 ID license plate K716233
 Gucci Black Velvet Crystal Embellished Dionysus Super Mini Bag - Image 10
+---+
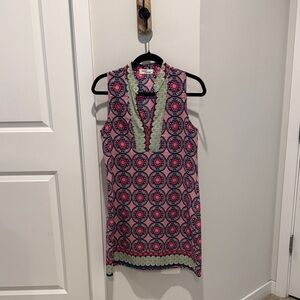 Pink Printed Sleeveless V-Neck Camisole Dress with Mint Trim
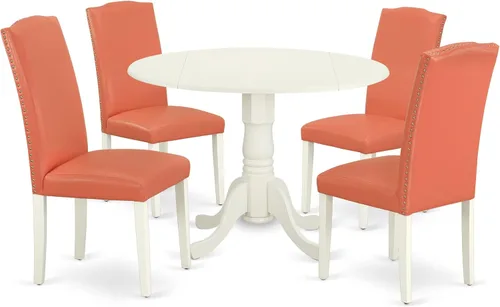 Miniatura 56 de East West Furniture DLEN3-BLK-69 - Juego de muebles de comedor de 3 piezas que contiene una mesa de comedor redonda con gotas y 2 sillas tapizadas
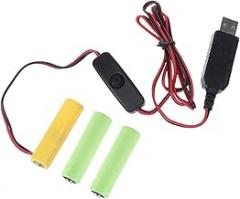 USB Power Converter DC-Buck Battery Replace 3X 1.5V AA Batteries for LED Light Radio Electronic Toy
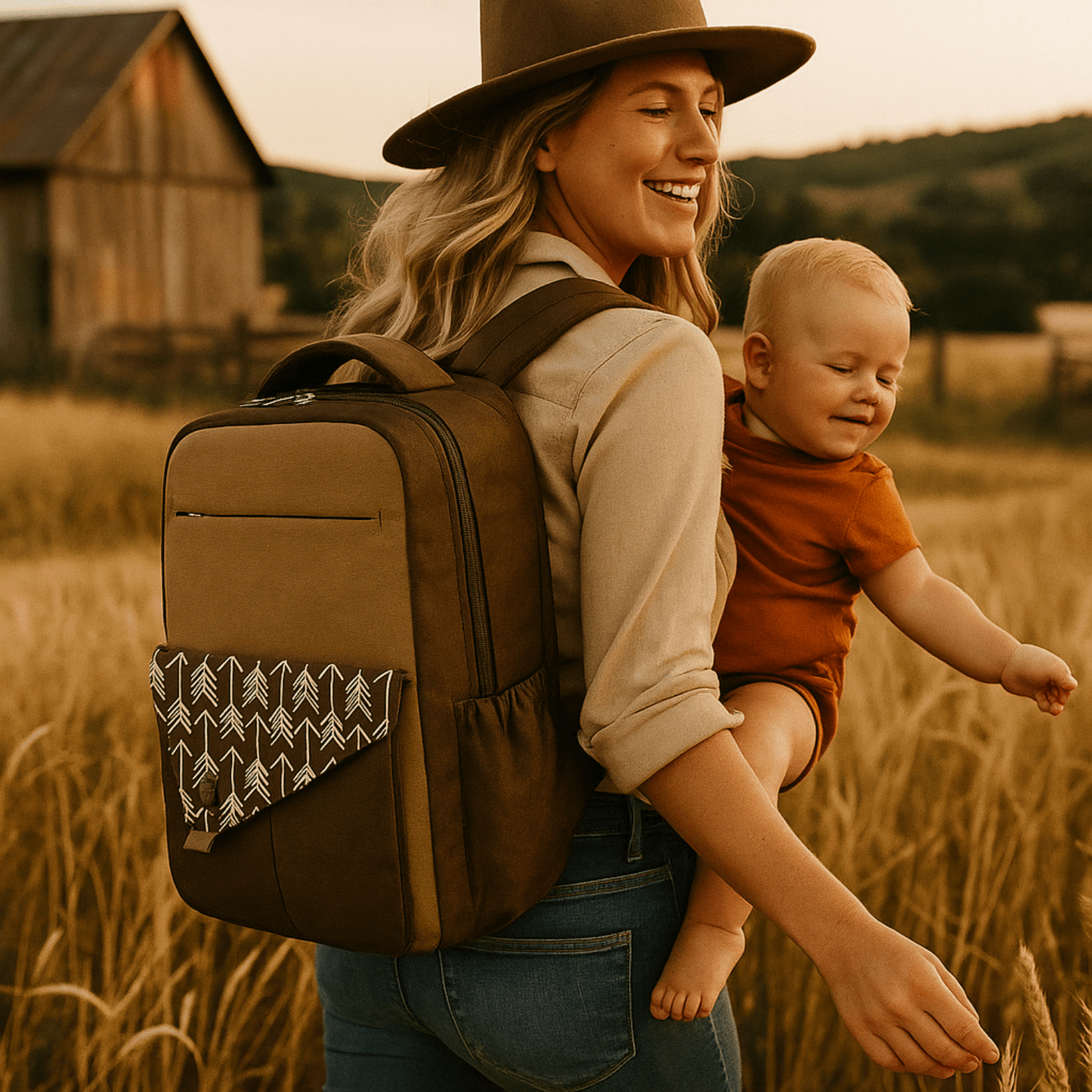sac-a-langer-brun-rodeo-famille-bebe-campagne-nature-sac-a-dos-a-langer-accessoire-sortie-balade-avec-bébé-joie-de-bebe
+---+
**Work request**
Look above for the line with "USB Power Converter" and the line with "sac-a-langer-b", then restate exactly those two lines and all lines between them, with no pictures.

**Solved problem**
 USB Power Converter DC-Buck Battery Replace 3X 1.5V AA Batteries for LED Light Radio Electronic Toy
sac-a-langer-brun-rodeo-famille-bebe-campagne-nature-sac-a-dos-a-langer-accessoire-sortie-balade-avec-bébé-joie-de-bebe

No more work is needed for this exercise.